#### INSTRUCTIONS FOR THE TASK
The reply should contain only the lines from the start of the records through the line with "a wooden shelf", reproduced verbatim and without pictures.

#### DATA SHOWN
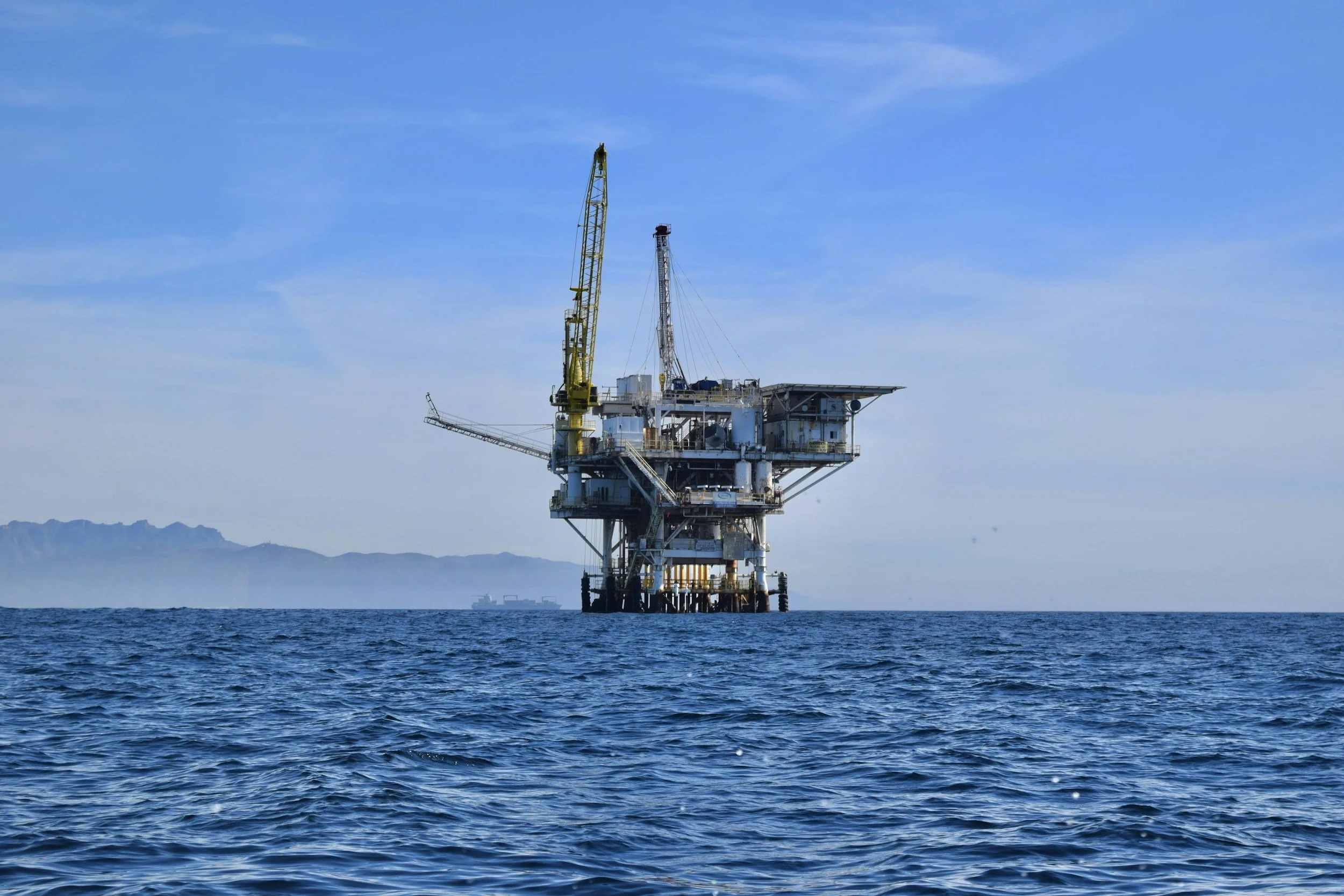 An offshore oil rig situated in the ocean with mountains in the background under a clear blue sky.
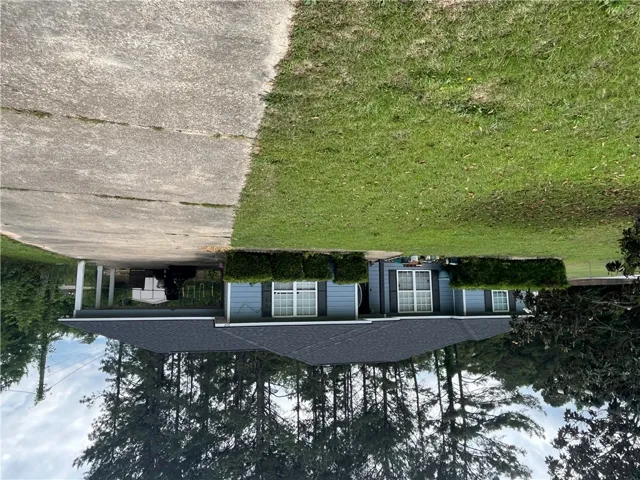 This inviting residence features a well-maintained exterior, a spacious lawn, and a convenient covered parking area.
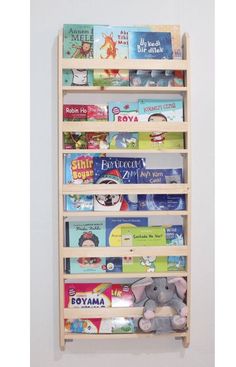 a wooden shelf with books and stuffed animals on the bottom shelves, against a white wall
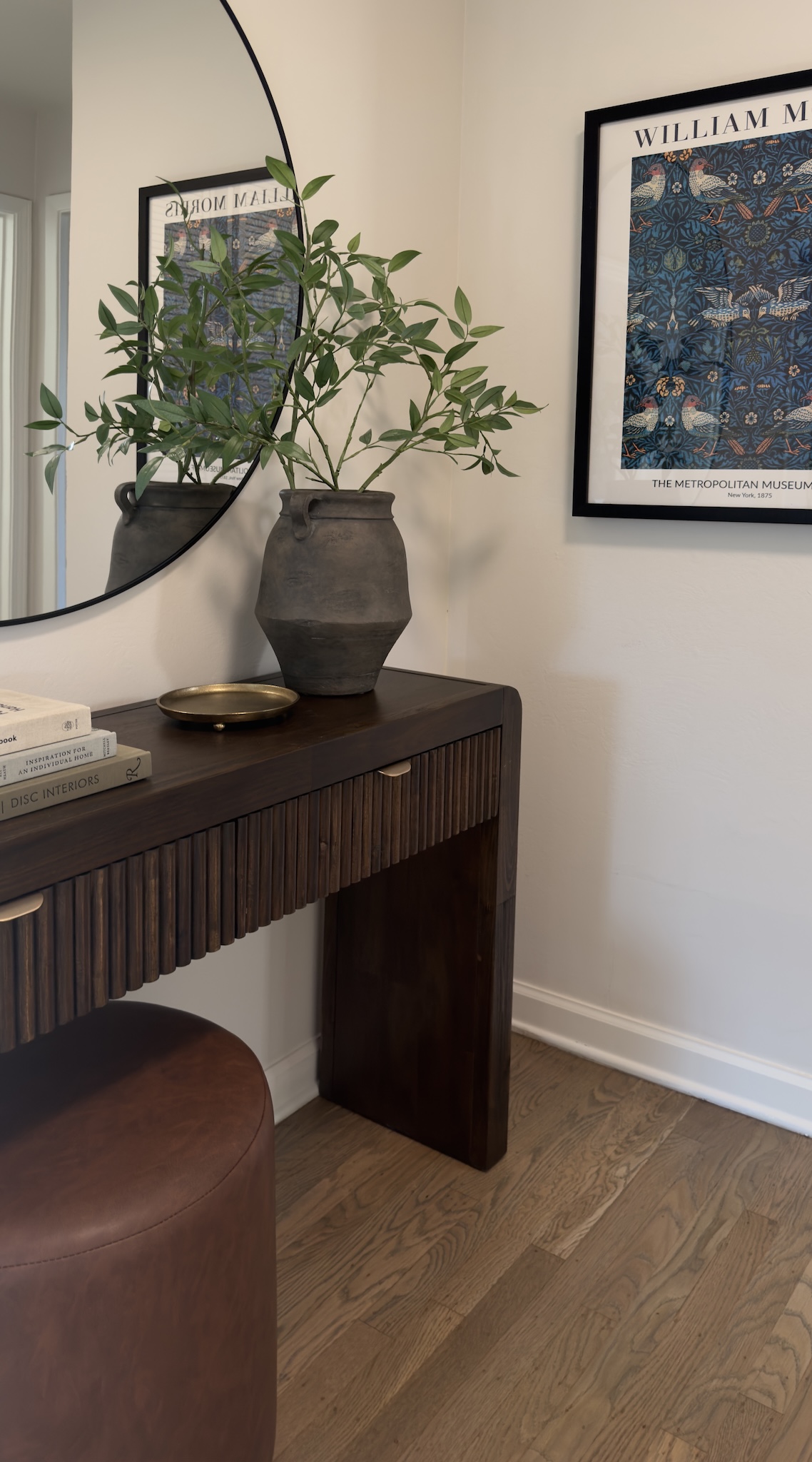 Vanity nook with round mirror, wood console and olive branches
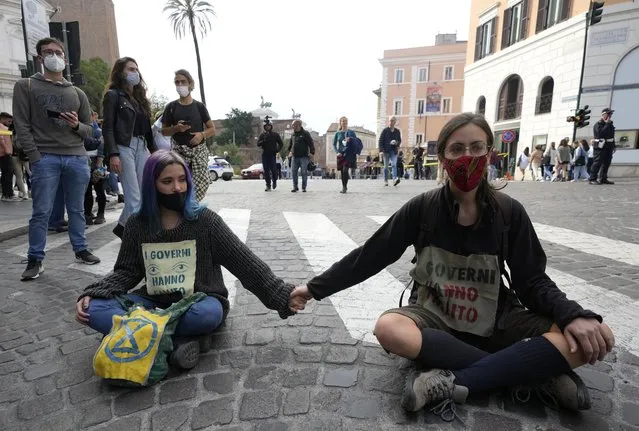 Activists from Extinction Rebellion block a road during a demonstration outside the G20 summit in Rome, Sunday, October 31, 2021. The two-day Group of 20 summit concludes on Sunday, the first in-person gathering of leaders of the world's biggest economies since the COVID-19 pandemic started. Signs on shirts read “Governments have failed”. (Photo by Luca Bruno/AP Photo)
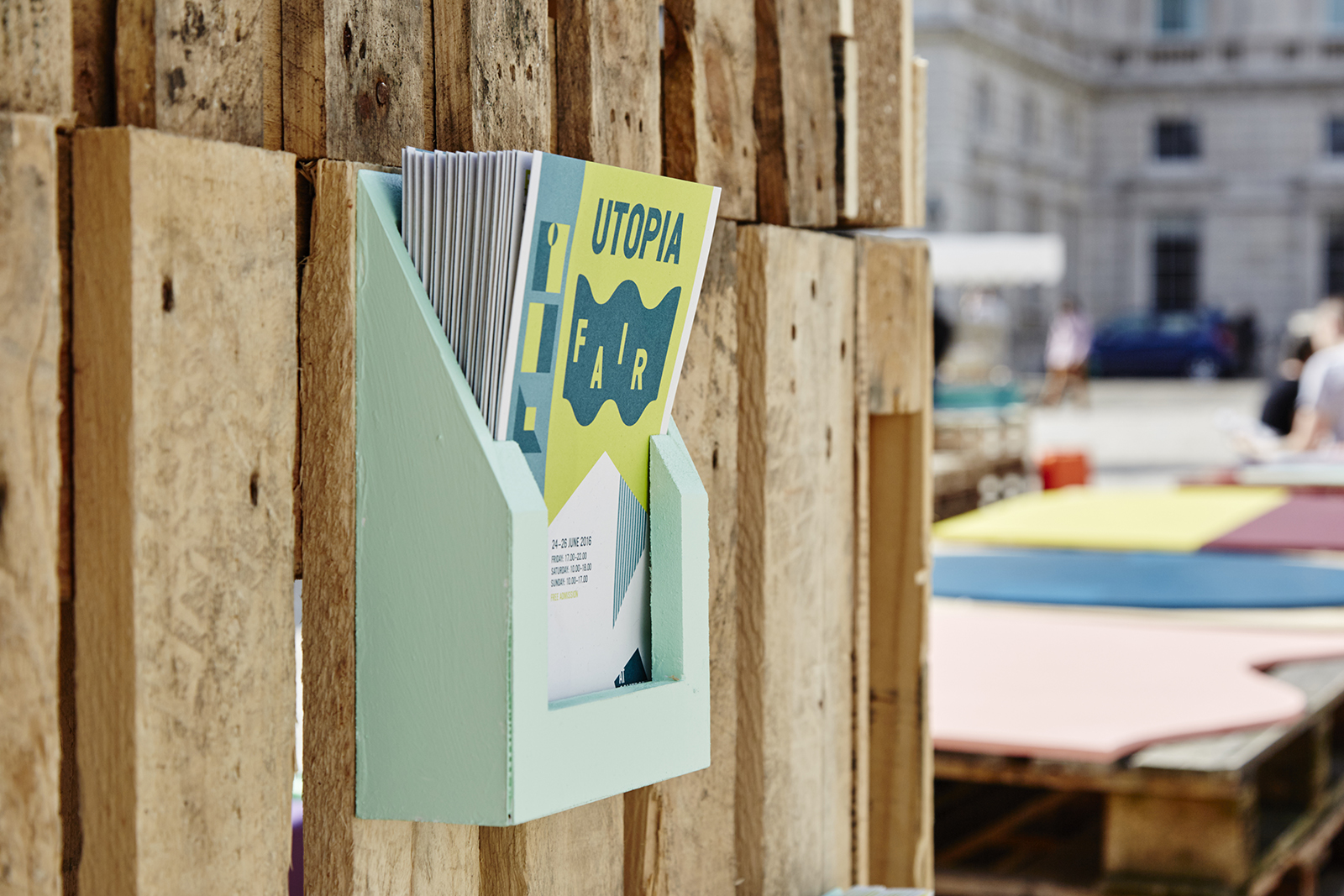 Materials used were carefully selected - recycled paper for leaflets, cotton for festive flags and recycled palettes for the communal table and interactive information tower.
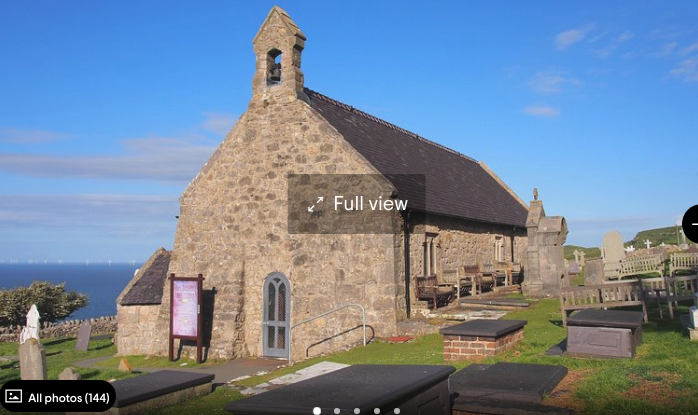 A full view of a church with a cemetery in front of it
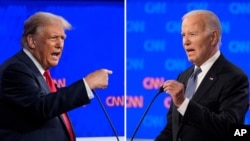 조 바이든 대통령(오른쪽)과 도널드 트럼프 전 대통령의 토론회가 27일 밤 조지아주 애틀랜타의 ‘CNN’ 스튜디오에서 열렸다. 
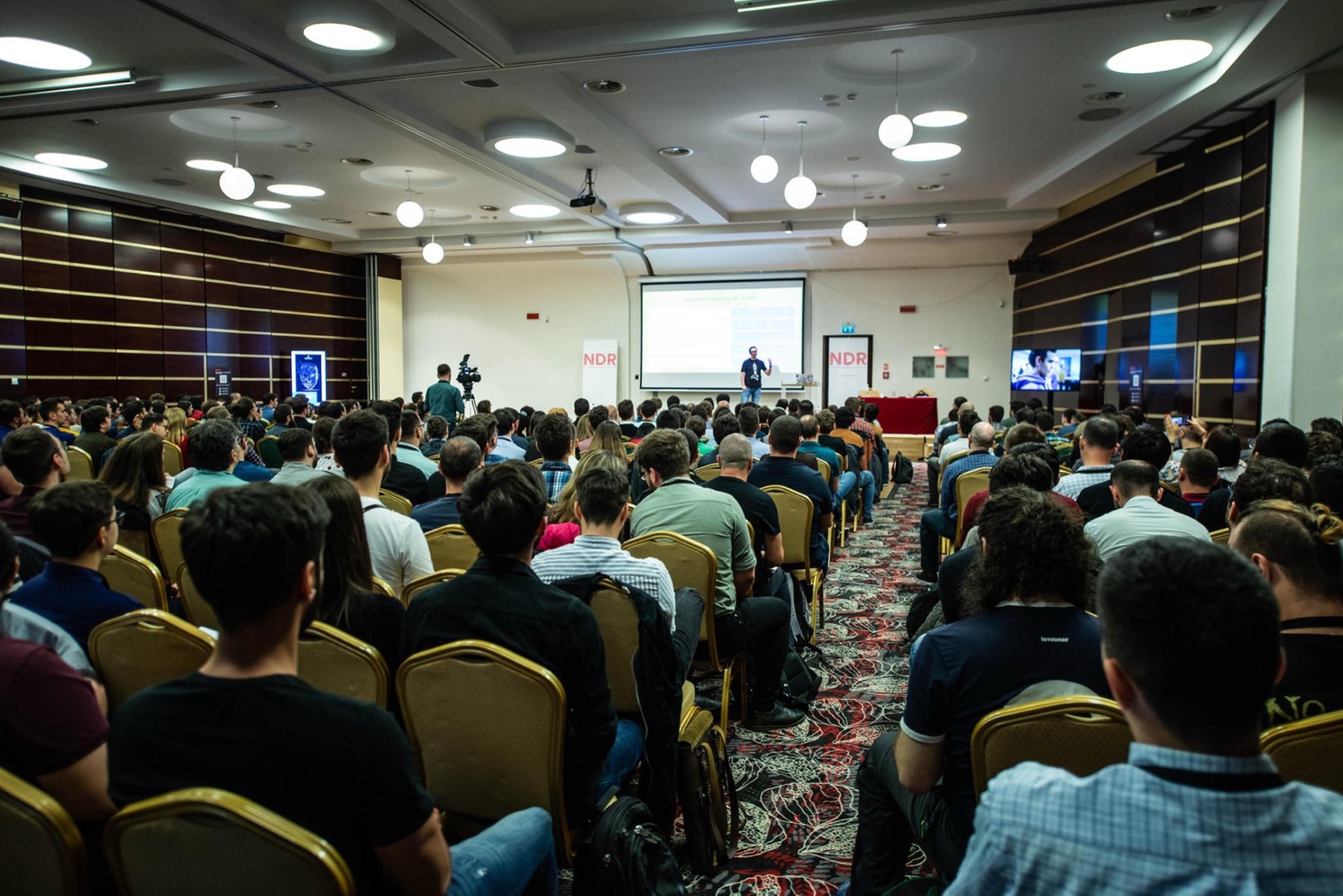 A large conference audience watching Henk speak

#### SOLUTION FOR THIS TASK
 An offshore oil rig situated in the ocean with mountains in the background under a clear blue sky.
 This inviting residence features a well-maintained exterior, a spacious lawn, and a convenient covered parking area.
 a wooden shelf with books and stuffed animals on the bottom shelves, against a white wall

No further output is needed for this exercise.